Parcel (6Kg) collection ordered on-line last Sunday,12th.

Collected from Stratford upon Avon Monday,13th (last Monday). Delivered in France Wednesday morning, 15th, 9am.

They use road transport which, for here, is just as quick as air.

There is on-line tracking but I also had a phone call Monday PM to confirm collection.

First time I've used them but will use them again.
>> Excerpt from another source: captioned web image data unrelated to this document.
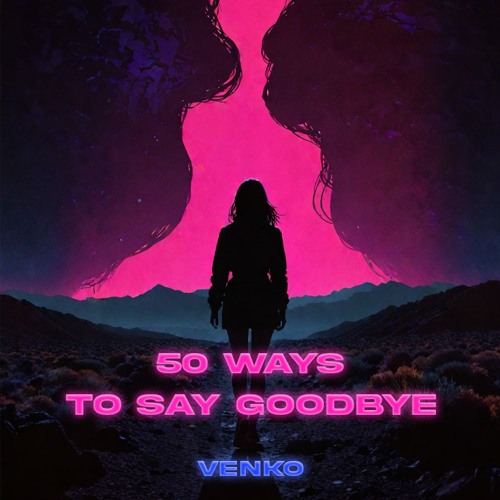 50 Ways To Say Goodbye - Hardstyle Remix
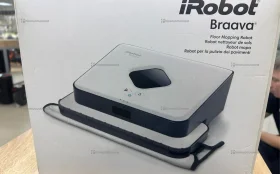 Купить Пылесос  IROBOT Braava 390t б/у , в Москва и область Цена:8500рублей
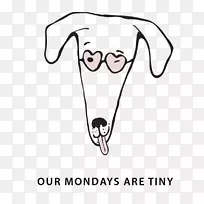 犬种鼻子耳白狗-空若网 犬种鼻子耳白狗-空若网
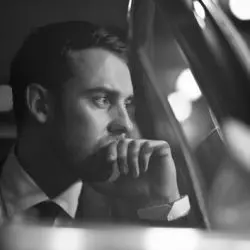 Ben Westbeech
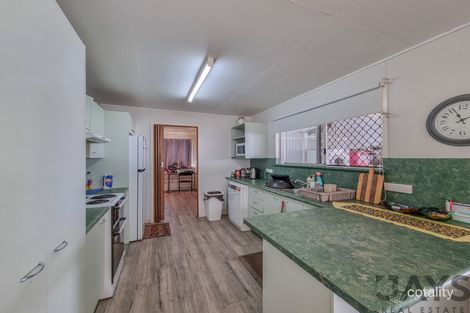 Property photo of 7 Carbonate Street Miles End QLD 4825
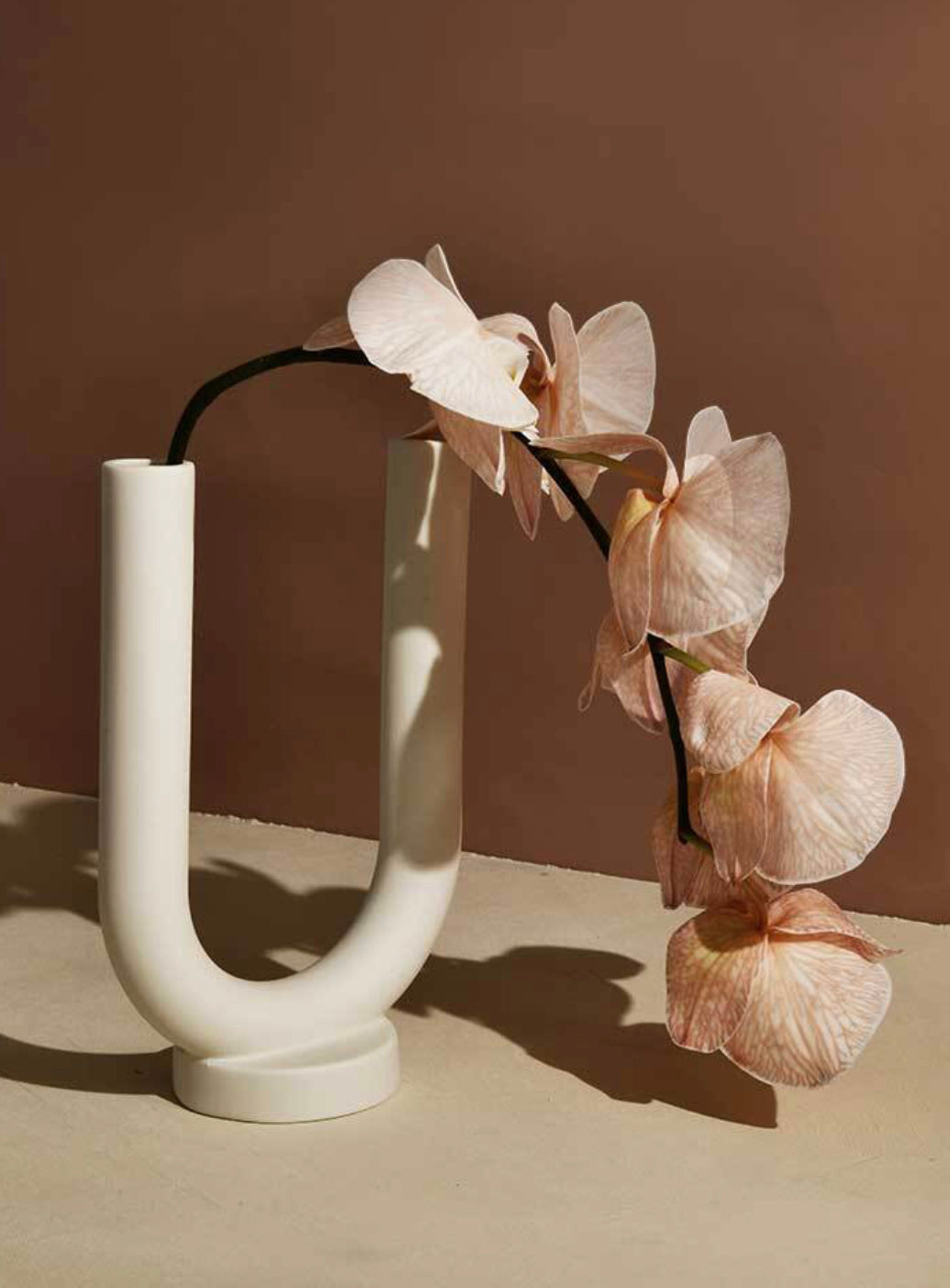 Wren Ceramic Vessel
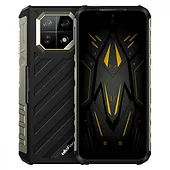 Smartfon Armor 22 4G 8/256GB IP69K Czarny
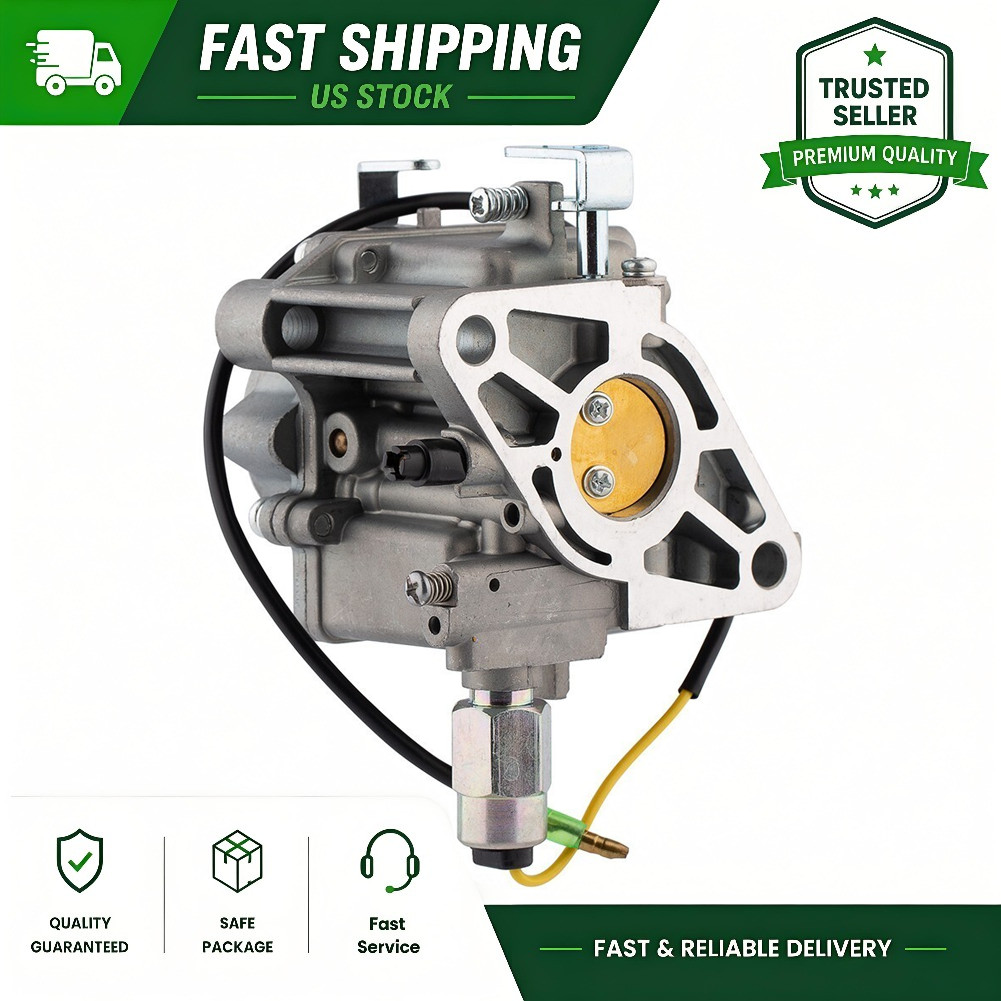 Replacement Carburetor for John Deere 425 445 455 Kawasaki FD620D 15004-0799 Replacement Carburetor for John Deere 425 445 455 Kawasaki FD620D 15004-0799
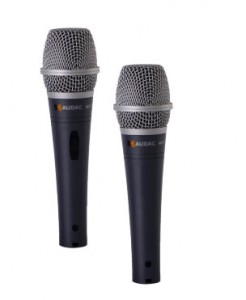 Microphone filaire à main - Devis sur Techni-Contact.com - 1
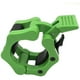 thumbnail image 2 of Abrazaderas para barra de 2 pulgadas, resistentes, de liberación rápida, de 2 pulgadas, con cierres profesionales para barra de pesas olímpicas, clips para collar, para entrenamiento de levantamiento, 2 of 5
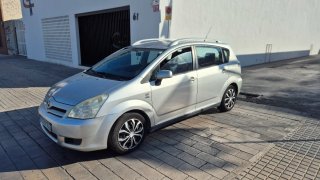 Toyota Corolla 2004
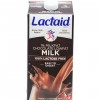 Lactaid 牛奶 (1%半脱脂巧克力味) 1.89L-0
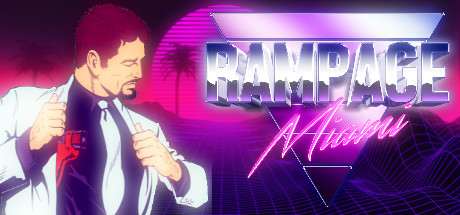 Rampage Miami Rampage Miami
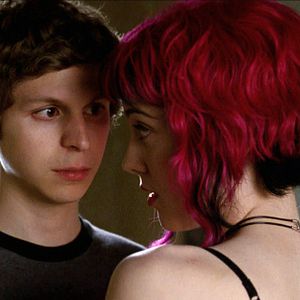 Bilder Scott Pilgrim gegen den Rest der Welt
From the posts on the other forum this seems to be their standard.


----------



## martdavis (3 Oct 2010)

A follow up,

14 items sent and all but one was OK, 1 failed collection.

www.smartcourier.co.uk

30kg 60 x 60 x 60cm are my average items. £5.99 plus VAT

I have tried pretty much everyone, your only as good as the customer service you get when it goes wrong. aka they answered the phone.

Mart


----------



## RogerS (3 Oct 2010)

Think it's probably luck of the draw and where you live. I've used Parcel2Go quite a few times and the DHL collection has been flawless.


----------



## cambournepete (3 Oct 2010)

I've used DHL via parcel2go recently and they were fine - both 1 and 2 day deliveries delivered next day.


----------



## RogerS (6 Oct 2010)

RogerS":3vaqroce said:


> Think it's probably luck of the draw and where you live. I've used Parcel2Go quite a few times and the DHL collection has been flawless.



Me and my big mouth. Bloody failed collection by DHL today.

EDIT: Never say die. Parcel2Go customer service were useless but after I contacted DHL directly they came and collected the parcel. So full marks to DHL Sandwell and the driver.


----------



## mtt.tr (8 Oct 2010)

THis happended to the guy who sent me stuff from ebay :lol:


----------